▶ **Your assignment**: Copy out nothing but the lines from the one holding "Black or White" through the end of the entries below, exactly as written and without the pictures.

▶ **Entries supplied**:
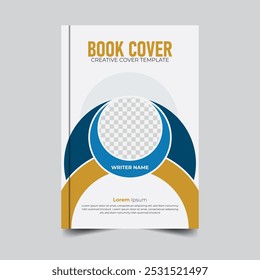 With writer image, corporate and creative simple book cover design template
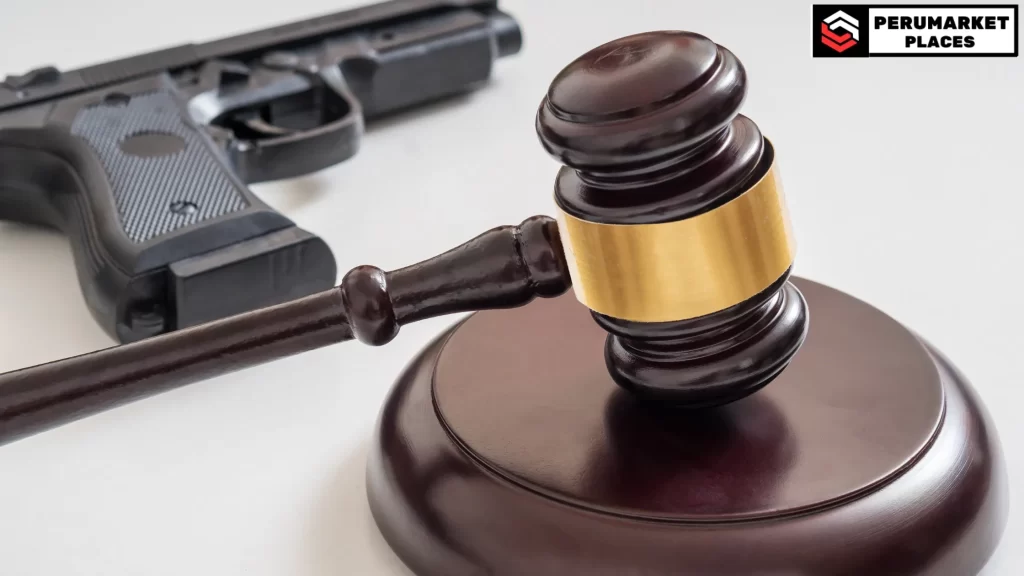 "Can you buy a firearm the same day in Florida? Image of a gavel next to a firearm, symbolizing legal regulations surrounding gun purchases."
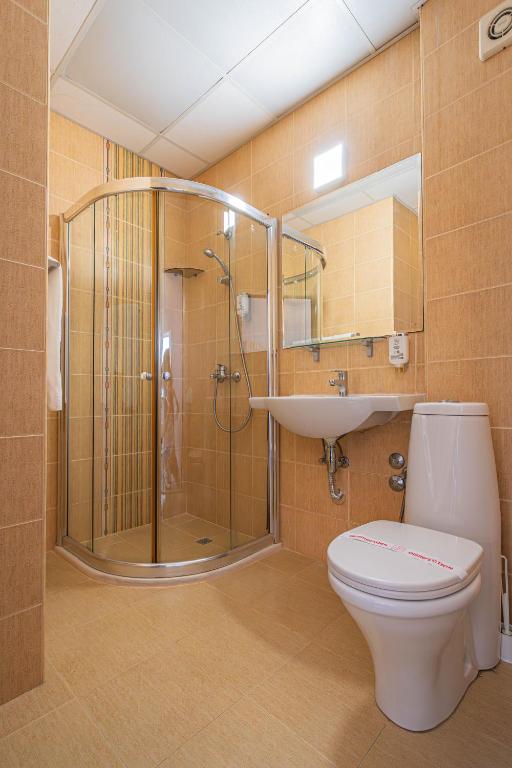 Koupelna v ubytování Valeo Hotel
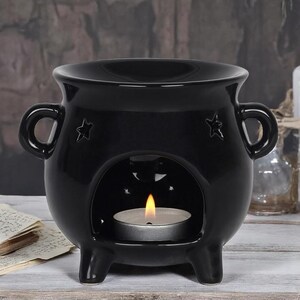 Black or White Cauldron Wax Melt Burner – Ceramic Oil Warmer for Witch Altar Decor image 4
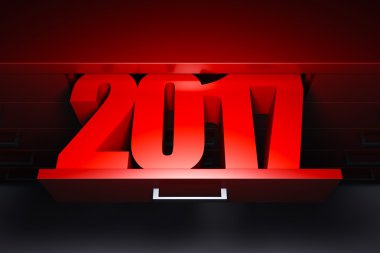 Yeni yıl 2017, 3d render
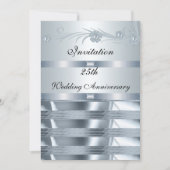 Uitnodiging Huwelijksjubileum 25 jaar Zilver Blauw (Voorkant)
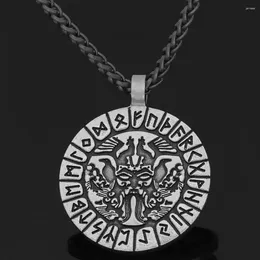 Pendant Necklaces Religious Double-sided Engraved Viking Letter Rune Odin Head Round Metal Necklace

▶ **Result of this exercise**:
 Black or White Cauldron Wax Melt Burner – Ceramic Oil Warmer for Witch Altar Decor image 4
 Yeni yıl 2017, 3d render
 Uitnodiging Huwelijksjubileum 25 jaar Zilver Blauw (Voorkant)
 Pendant Necklaces Religious Double-sided Engraved Viking Letter Rune Odin Head Round Metal Necklace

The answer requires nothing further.